» **What you should do**: Print nothing beyond the line with "Los Angeles Angels": every line from the beginning of the data up to it, that line included, and no pictures.

» **Excerpted records**:
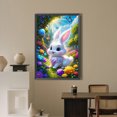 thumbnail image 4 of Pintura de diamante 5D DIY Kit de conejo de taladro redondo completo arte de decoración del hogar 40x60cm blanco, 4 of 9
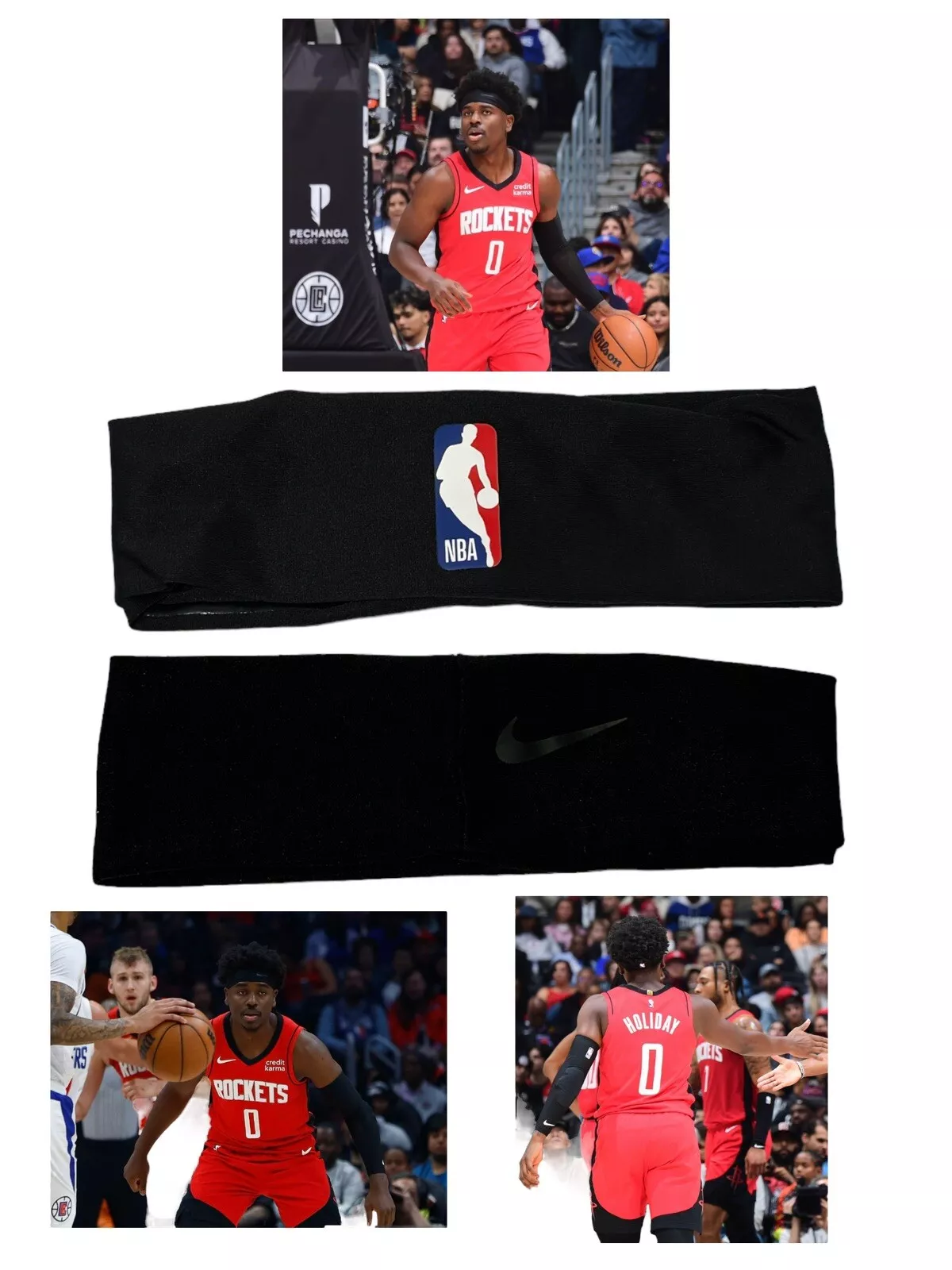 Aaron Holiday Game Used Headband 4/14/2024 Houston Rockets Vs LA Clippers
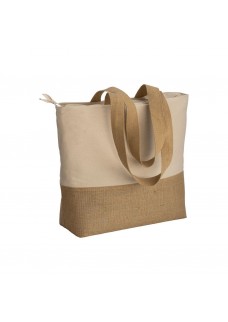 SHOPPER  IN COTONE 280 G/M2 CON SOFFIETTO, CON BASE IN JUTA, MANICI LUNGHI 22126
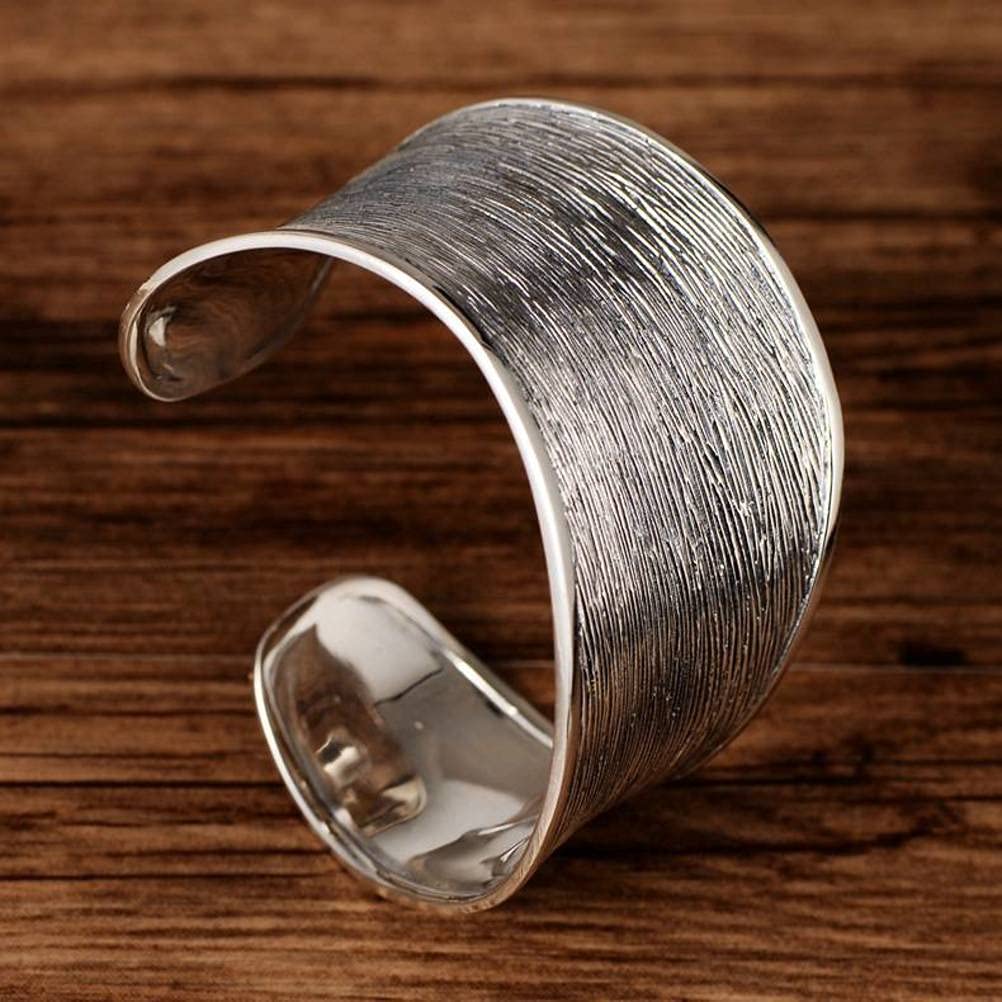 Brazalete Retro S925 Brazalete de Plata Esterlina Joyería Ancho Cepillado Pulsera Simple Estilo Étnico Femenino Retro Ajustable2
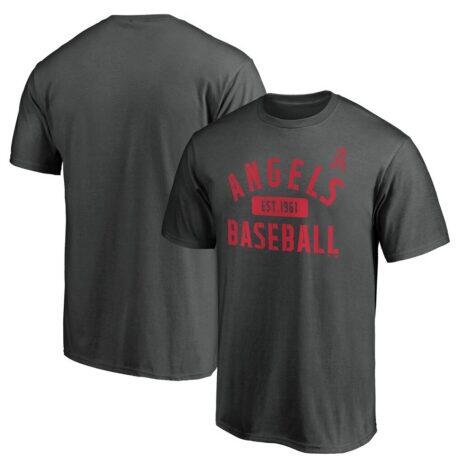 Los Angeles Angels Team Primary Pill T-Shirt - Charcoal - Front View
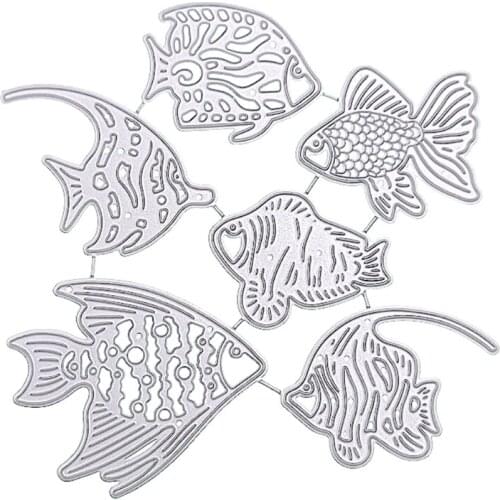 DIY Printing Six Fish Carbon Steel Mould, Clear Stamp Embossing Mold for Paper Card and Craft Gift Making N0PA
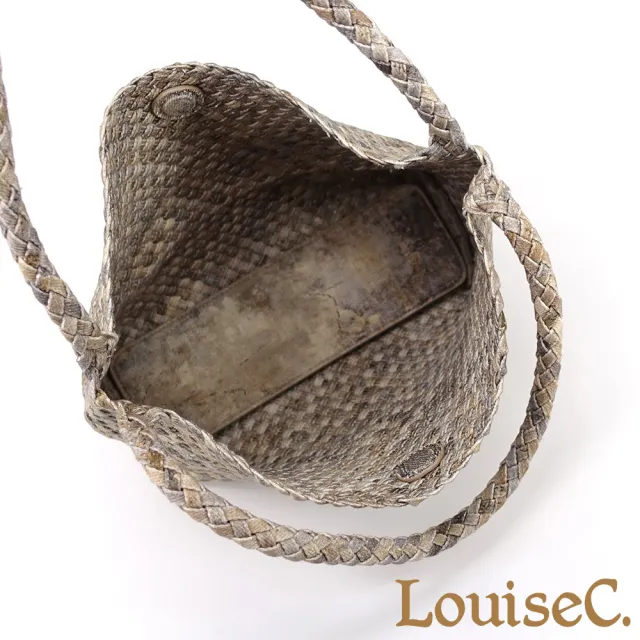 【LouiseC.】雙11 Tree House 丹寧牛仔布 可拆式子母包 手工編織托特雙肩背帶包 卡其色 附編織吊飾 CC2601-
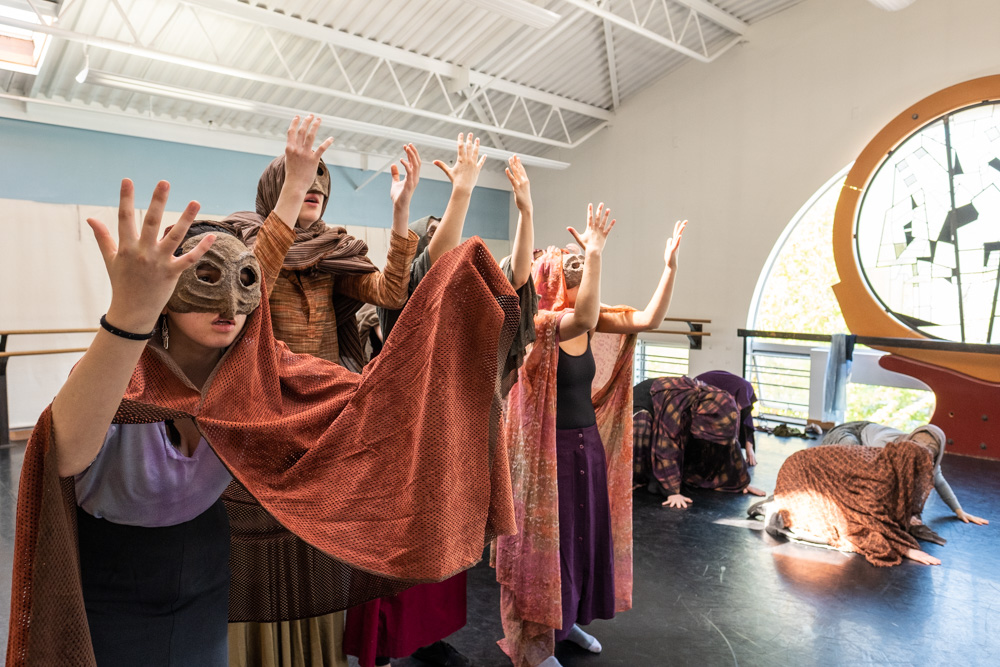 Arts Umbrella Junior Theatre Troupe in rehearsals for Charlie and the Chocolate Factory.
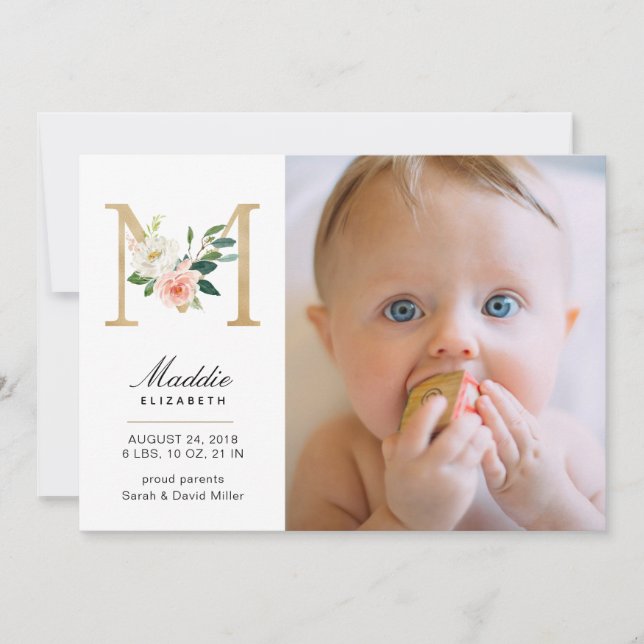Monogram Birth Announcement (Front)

» **Your solution**:
 thumbnail image 4 of Pintura de diamante 5D DIY Kit de conejo de taladro redondo completo arte de decoración del hogar 40x60cm blanco, 4 of 9
 Aaron Holiday Game Used Headband 4/14/2024 Houston Rockets Vs LA Clippers
 SHOPPER  IN COTONE 280 G/M2 CON SOFFIETTO, CON BASE IN JUTA, MANICI LUNGHI 22126
 Brazalete Retro S925 Brazalete de Plata Esterlina Joyería Ancho Cepillado Pulsera Simple Estilo Étnico Femenino Retro Ajustable2
 Los Angeles Angels Team Primary Pill T-Shirt - Charcoal - Front View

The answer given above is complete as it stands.